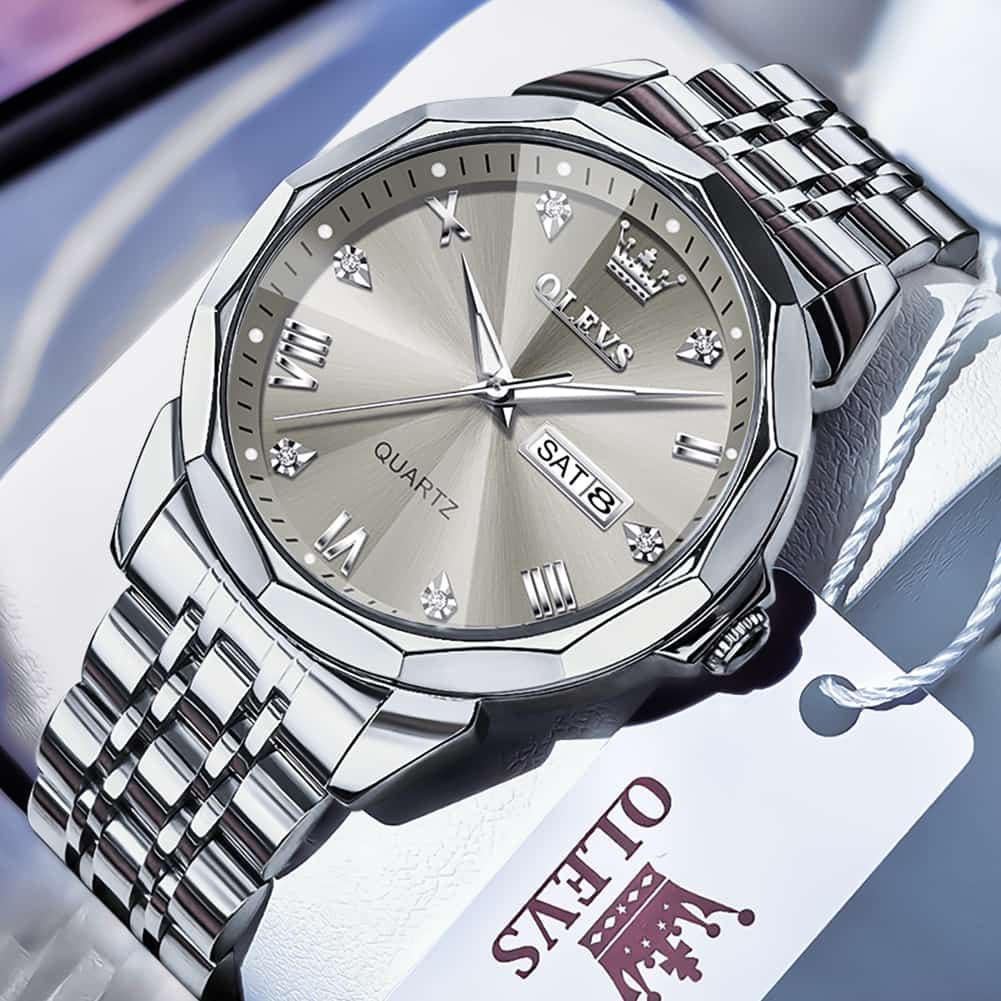 OLEVS 9931 Classic Diamond Stainless Steel Watch for Men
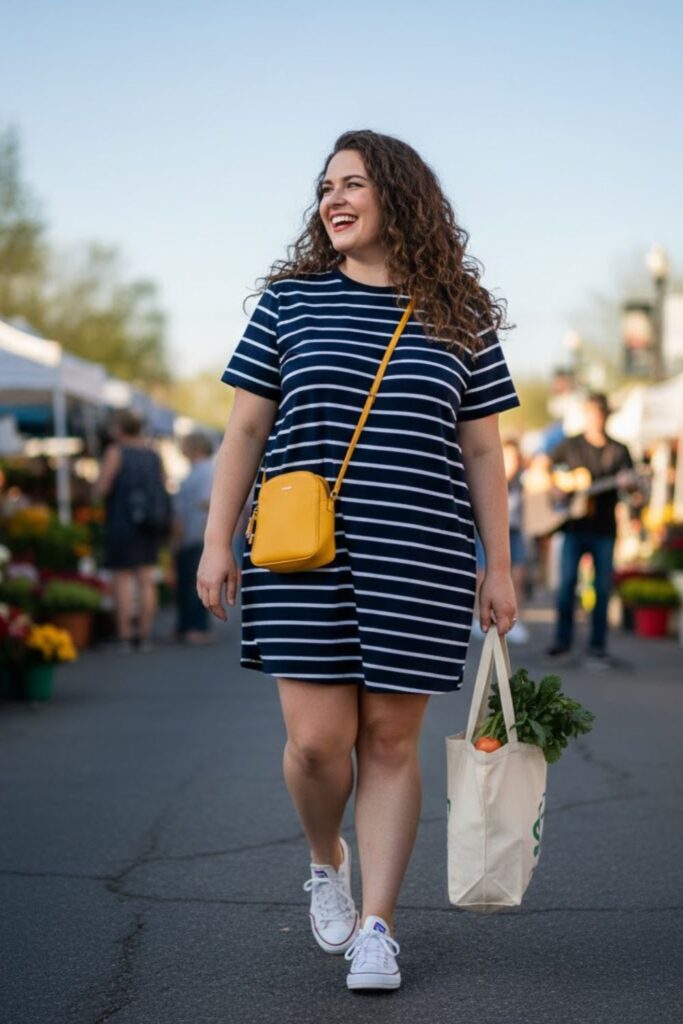 5. Striped Tee Dress with Canvas Sneakers and a Crossbody Bag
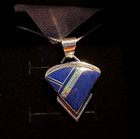 Albert Francisco Navajo Sterling Silver Lapis Opal Inlay Pendant Necklace 20 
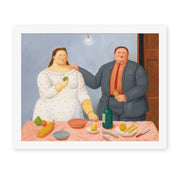 Fernando Botero's 'Still Life with Couple' painting reproduced as a rolled canvas print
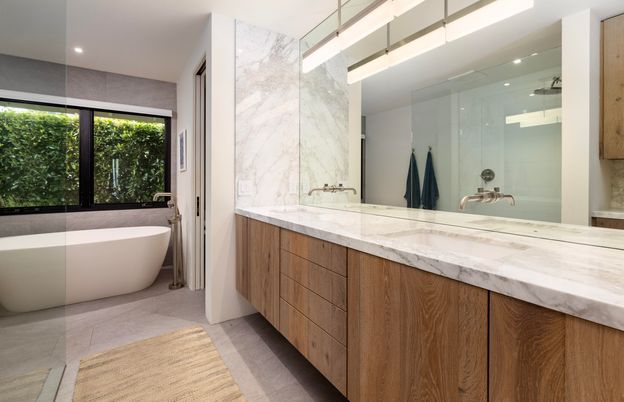 Bathroom, Dual Sink Vanities, Free Standing Baths, Glass Shower, Interior, Marble Walls, Recessed Lighting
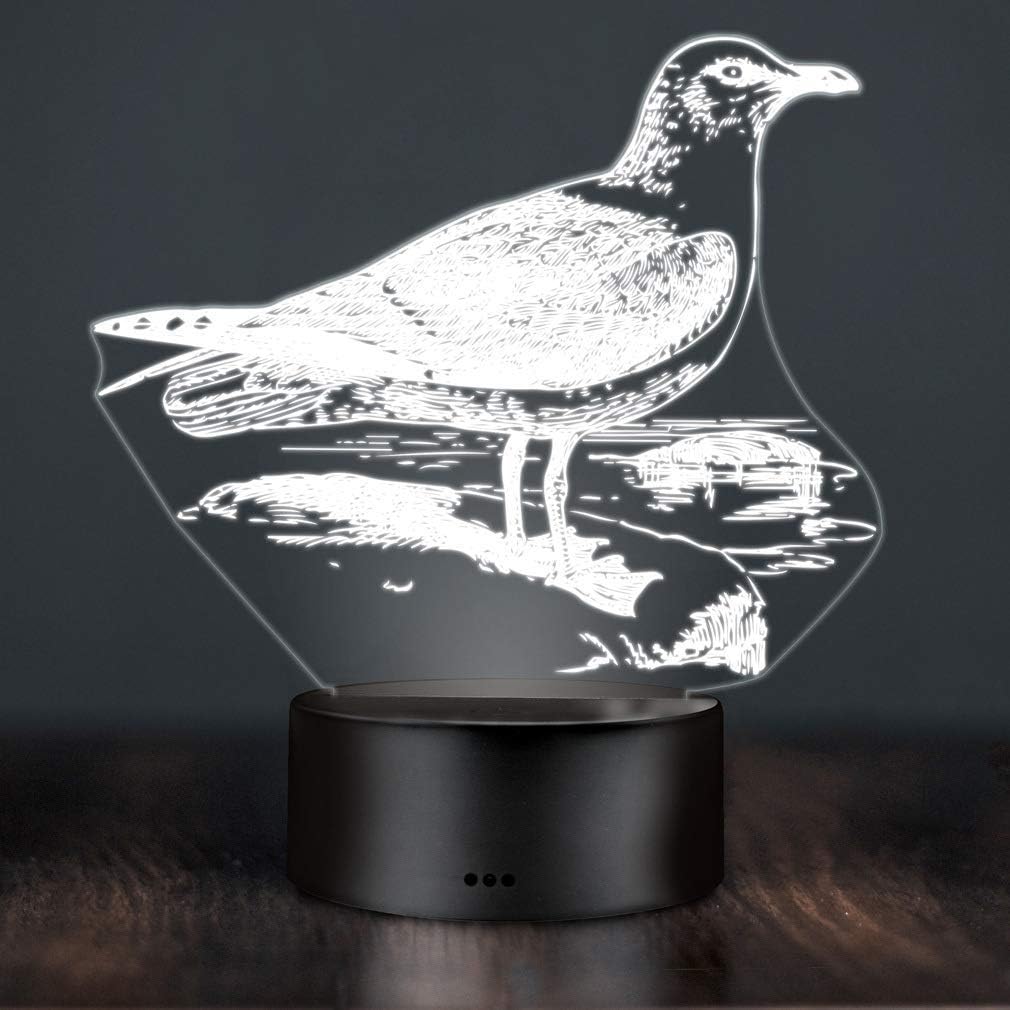 SUPERIORVZND 3D Peace Dove Night Light Touch Table Desk Optical Illusion Lamps 7 Color Changing Lights Home Decoration Xmas Birthday Christmas Gift
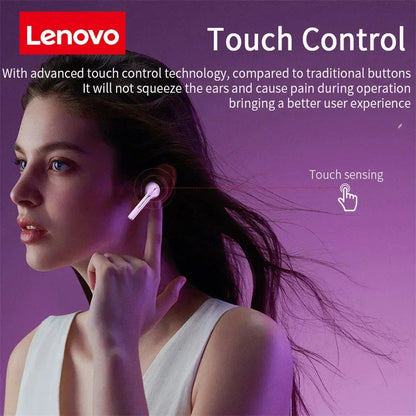 Lenovo Wireless Earphones, HiFi in-Ear Stereo with Microphone, Waterproof, Bluetooth, Touch Control, Noise Cancellation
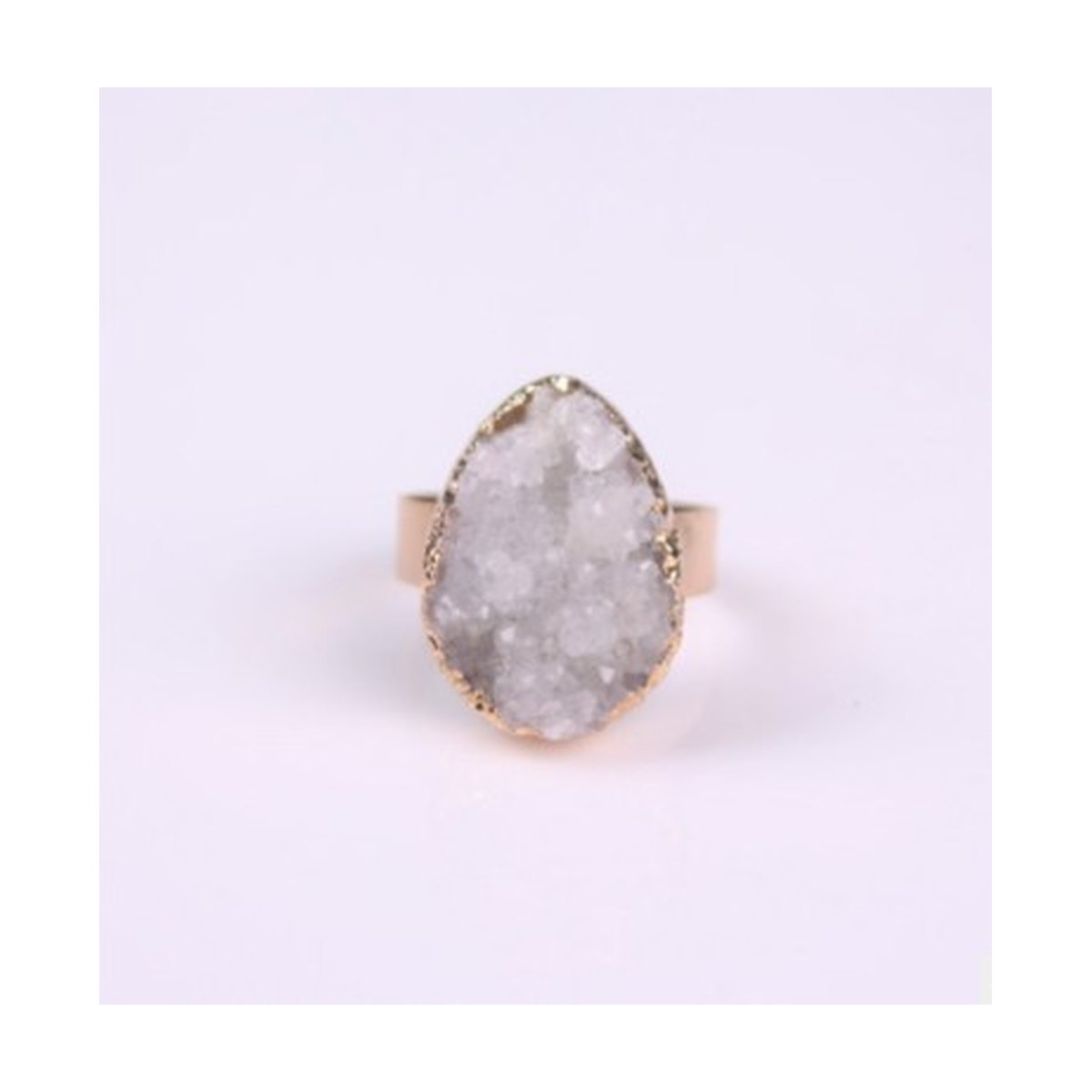 Natural Stone Agate Crystal Bud Rings Rose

------------------------------------------------------------------------

-- What is needed --
Print the entire listing precisely as written, omitting the images it holds.

-- Reply --
 OLEVS 9931 Classic Diamond Stainless Steel Watch for Men
 5. Striped Tee Dress with Canvas Sneakers and a Crossbody Bag
 Albert Francisco Navajo Sterling Silver Lapis Opal Inlay Pendant Necklace 20 
 Fernando Botero's 'Still Life with Couple' painting reproduced as a rolled canvas print
 Bathroom, Dual Sink Vanities, Free Standing Baths, Glass Shower, Interior, Marble Walls, Recessed Lighting
 SUPERIORVZND 3D Peace Dove Night Light Touch Table Desk Optical Illusion Lamps 7 Color Changing Lights Home Decoration Xmas Birthday Christmas Gift
 Lenovo Wireless Earphones, HiFi in-Ear Stereo with Microphone, Waterproof, Bluetooth, Touch Control, Noise Cancellation
 Natural Stone Agate Crystal Bud Rings Rose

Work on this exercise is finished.